II. Une solution classique, gardienne de l’ordre juridique de l’Union
L’arrêt commenté, loin d’être novateur, s’inscrit dans une jurisprudence constante qui réaffirme le rôle de la Cour en tant que garante de l’effectivité du droit de l’Union (A) et dont la portée est avant tout pédagogique pour l’ensemble des États membres (B).
A. L’office du juge garant de l’effet utile du droit de l’Union
En déclarant le manquement, la Cour exerce sa fonction première de gardienne des traités. Une directive qui ne serait pas transposée dans les délais resterait lettre morte et priverait les citoyens et les entreprises des droits qu’elle entend leur conférer. La procédure en manquement est donc l’outil qui permet à la Commission, puis à la Cour, de s’assurer que les États membres remplissent leurs engagements et que le droit de l’Union est appliqué de manière effective et homogène sur tout le territoire de l’Union.
L’arrêt illustre parfaitement que l’obligation de transposition est une obligation de résultat. La Cour ne se contente pas de vérifier l’intention de l’État membre ; elle sanctionne l’absence de concrétisation juridique dans le délai imparti. Cette rigueur est la condition sine qua non de la primauté et de l’applicabilité directe du droit de l’Union. La condamnation aux dépens, prononcée systématiquement en cas de manquement avéré, vient parachever la décision en soulignant que l’État défaillant doit supporter les conséquences procédurales de son inaction.
B. La portée dissuasive d’un arrêt de principe implicite
Bien qu’il s’agisse d’un arrêt d’espèce, réglant un litige spécifique entre la Commission et un État membre, sa portée est générale. Chaque arrêt de ce type constitue un rappel à l’ordre pour l’ensemble des États membres quant à la diligence attendue d’eux dans le processus de transposition. La publicité de ces décisions a un effet dissuasif et pédagogique indéniable, incitant les administrations nationales à une plus grande rigueur dans le respect de leurs obligations européennes.

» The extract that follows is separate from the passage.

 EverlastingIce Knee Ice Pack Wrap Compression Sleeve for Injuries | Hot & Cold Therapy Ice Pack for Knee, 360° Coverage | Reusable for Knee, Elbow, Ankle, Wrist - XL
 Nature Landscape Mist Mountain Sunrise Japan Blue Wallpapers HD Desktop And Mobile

Cette jurisprudence constante ne crée pas de droit nouveau mais consolide les fondations de l’ordre juridique de l’Union. Elle rappelle que l’appartenance à l’Union implique des contraintes et que la souveraineté des États en matière de choix des formes et des moyens de transposition ne saurait servir de prétexte à une inexécution. En définitive, l’arrêt, par sa simplicité et sa prévisibilité, témoigne de la maturité d’un système juridique où le respect des règles communes est une condition non négociable de son existence même.